As early as 1993, the General Assembly of the United Nations had asked the International law commission to work on the draft of a convention for the creation of such a jurisdiction. On July 17, 1998, the proceedings came to an end with the adoption by 120 States of the Rome Statute of the International Criminal Court (ICC). The preamble of the Statute underlines the relationship between justice and peace, impunity for the most serious crimes being an obstacle to the return of a lasting peace. The idea that by fighting impunity one prevents the commission of such crimes in the future is also enshrined in the Statute. The Statute became effective on July 1st, 2002, once it was ratified by 60 countries, and turned the main principles of international criminal law into norms of conventional value. The Court has jurisdiction over the crime of genocide, crimes against humanity, crimes of aggression (although the notion is not defined as of today), as well as over war crimes, provided they were committed after July 1st, 2002, when the Statute became effective.
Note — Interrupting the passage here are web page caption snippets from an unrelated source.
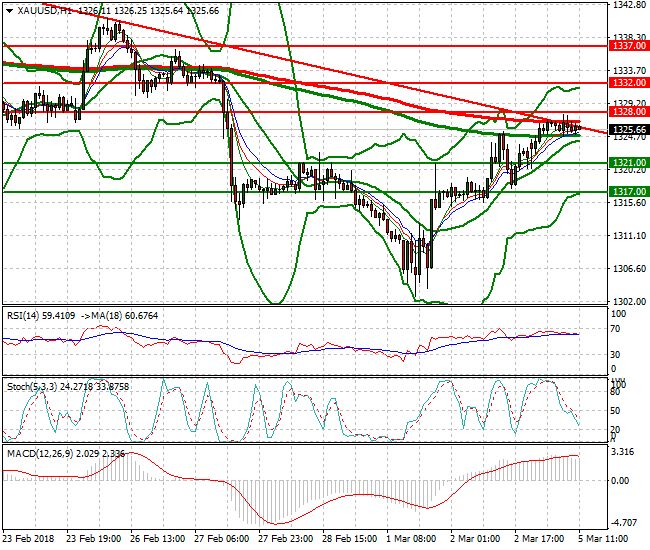 Gold Evening Analysis 05 March 2018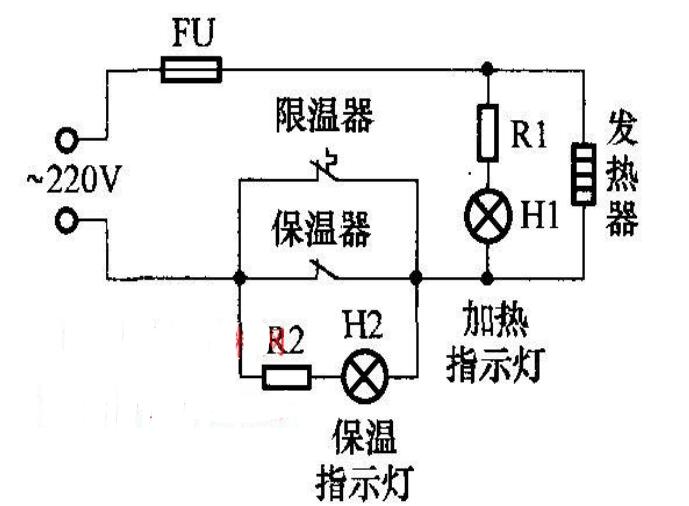 保险器件与阀体与隔热手套的原理是什么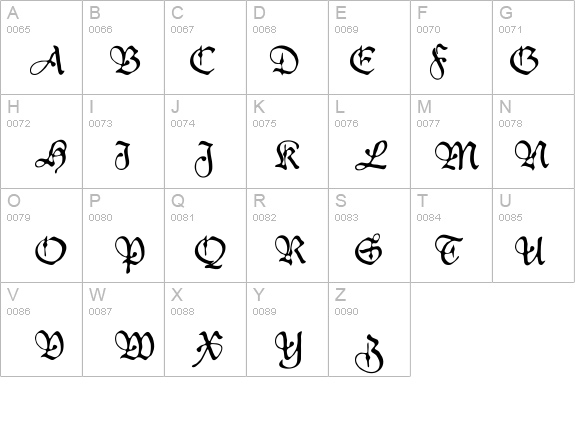 Dukeplus details - Free Fonts at FontZone.net
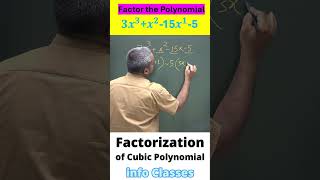 How to Factor Cubic Polynomial Equation [upl. by Enogitna]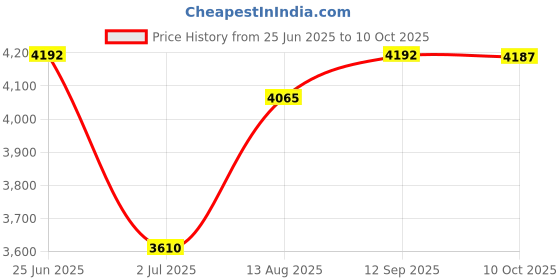 amazon.in Nova Parts Sales Down/Upstream Oxygen Sensor for 2002-2008 Mini Cooper 1.6L 11780872674 Price History Graph from 25 Jun 2025 to 10 Oct 2025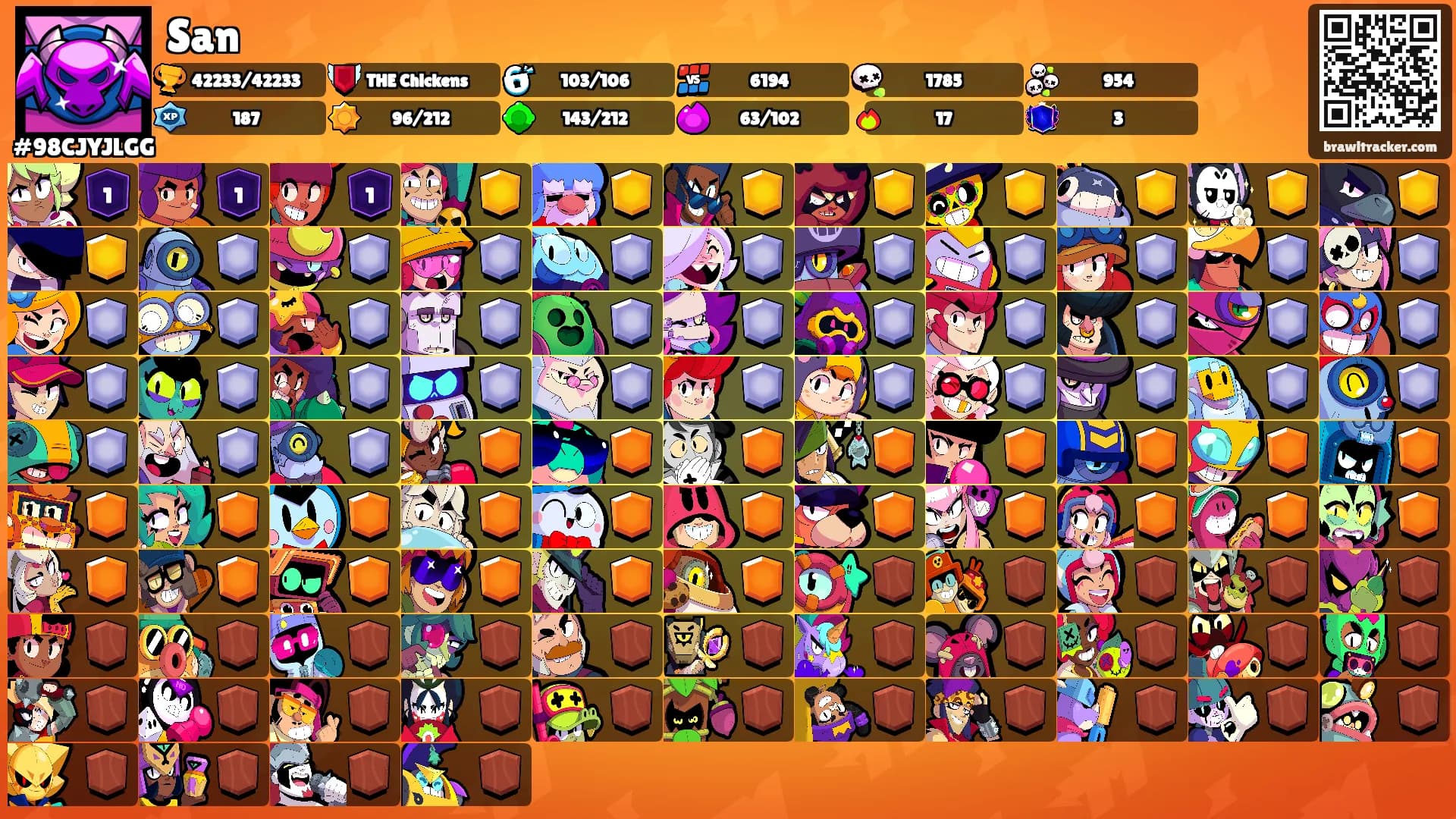 San's Ranks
However, in some cases, the international-only answer to judiciary post-conflict issues is not always fit. This observation led to the creation of internationalized jurisdictions giving improved consideration to national issues. These jurisdictions, in which both international and national judges sit, allow for a better acknowledgment of the victims and of their suffering. Moreover, according to experts, these systems allow for a faster, more efficient and less expensive justice. The Special Court for Sierra Leone (SCSL), created in July 2002, was the first of the kind. The court is the result of an agreement between the United Nations and the authorities of Sierra Leone that was ratified by the Parliament and is now part of the national judiciary system even though it benefits from heavy international backing. The same was done for Cambodia in March of 2003 with the Extraordinary Chambers inside the Courts of Cambodia (ECCC).

Another solution that emerged was the one chosen 1999, in Kosovo, by the Security Council who gave the United Nations Interim administration mission (UNMIK) the power over the judiciary authorities of Kosovo, in particular to prosecute the most serious crimes. In 2000, in East Timor, the Special Panels were set up by the United Nations Transitional administration in East Timor (UNTAET) to judge serious crimes committed during the conflict.

Recently, a Special tribunal for Lebanon was created by the Security Council on May 30, 2007, in order to judge the people involved in the assassination of, among others, former Prime Minister Rafic Hariri.

Truth and reconciliation commissions

A criminal-only answer to atrocities committed in conflicts has turned out to be insufficient where rebuilding a social network that has been destroyed by years of war and restore a national peace is at stake. The issue of reconciling former enemies and teaching them to live together again requires collective recovery mechanisms, which is something that tribunals do not offer. This is the reason why, in the last twenty years, the use of truth and reconciliation commissions has increased in post-conflict societies. With them, a new aspect of transitional justice arose, with no judges or tribunals, and giving the victims a more important role in the proceedings.